Murraysburg rain spider

Scientific classification
- Kingdom: Animalia
- Phylum: Arthropoda
- Subphylum: Chelicerata
- Class: Arachnida
- Order: Araneae
- Infraorder: Araneomorphae
- Family: Sparassidae
- Genus: Palystes
- Species: P. lunatus
- Binomial name: Palystes lunatus Pocock, 1896

= Palystes lunatus =

- Authority: Pocock, 1896

Species of spider

Palystes lunatus is a spider species in the family Sparassidae. It is endemic to South Africa and is commonly known as the Murraysburg rain spider.

==Distribution==
Palystes lunatus was originally described with the type specimen only labelled as South Africa.
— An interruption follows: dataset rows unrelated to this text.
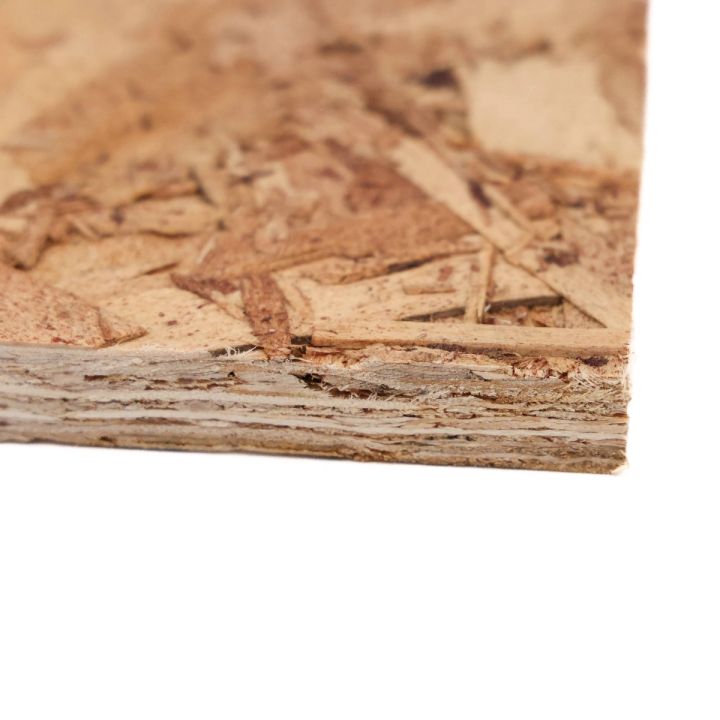 A close view of the board's corner, the pressed chips large and overlapping across the face with the layered edge visible below.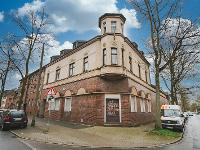 Wohnimmobilie Kauf Mehrfamilienhaus Renditehaus mit 11 Wohnungen und 2 Gewerbeeinheiten mit viel Potential - in begrünter Seitenstraße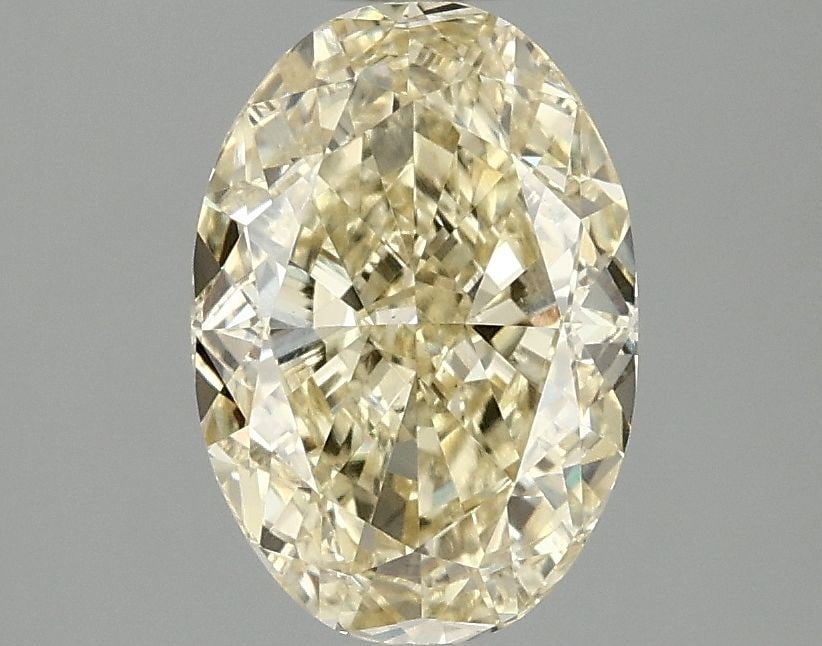 Loose Diamond - OVAL 2.1ct Fancy Yellow VS1: Loose Diamond - OVAL 2.1ct Fancy Yellow VS1 Source: This is a real non-mined Diamond that has been grown in a lab Shape: OVAL Carats: 2.1 Color: Fancy Yellow Certification: IGI Video: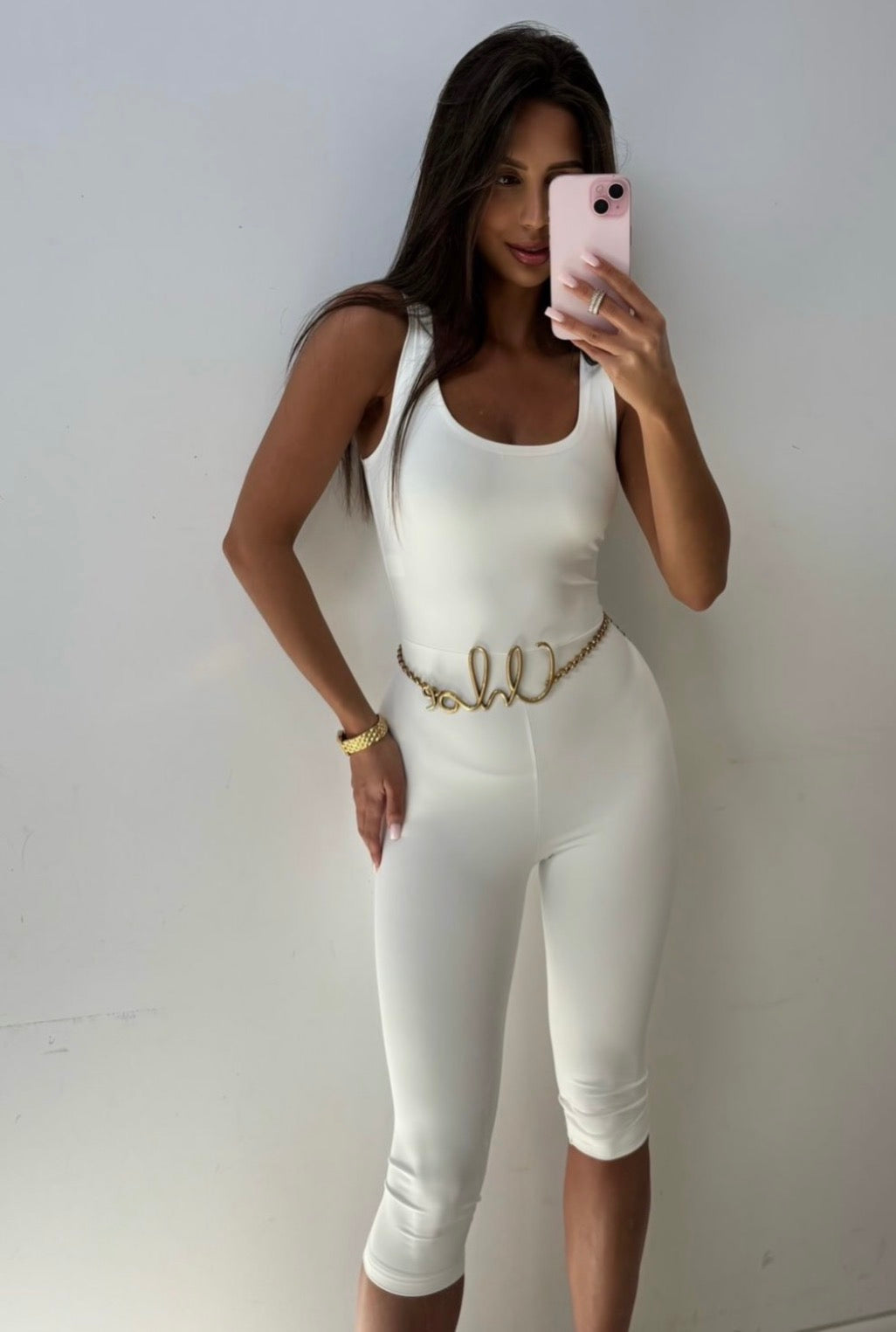 Liv white capri jumpsuit styled with a gold waist belt, front view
According to Croeser, the species may be restricted to a relatively small locality, probably somewhere in the montane interior of the Eastern Cape Province.

==Habitat and ecology==
Nothing is known about the habitat or ecology of this species.

==Conservation==
Palystes lunatus is listed as Data Deficient by the South African National Biodiversity Institute. The species is known only from a single unspecified site in South Africa. The status of the species remains obscure. Some more sampling is needed to collect the male and to determine the species' range.

==Taxonomy==
Palystes lunatus was originally described by Pocock in 1896. The species was revised by Croeser in 1996, and is known from only the female.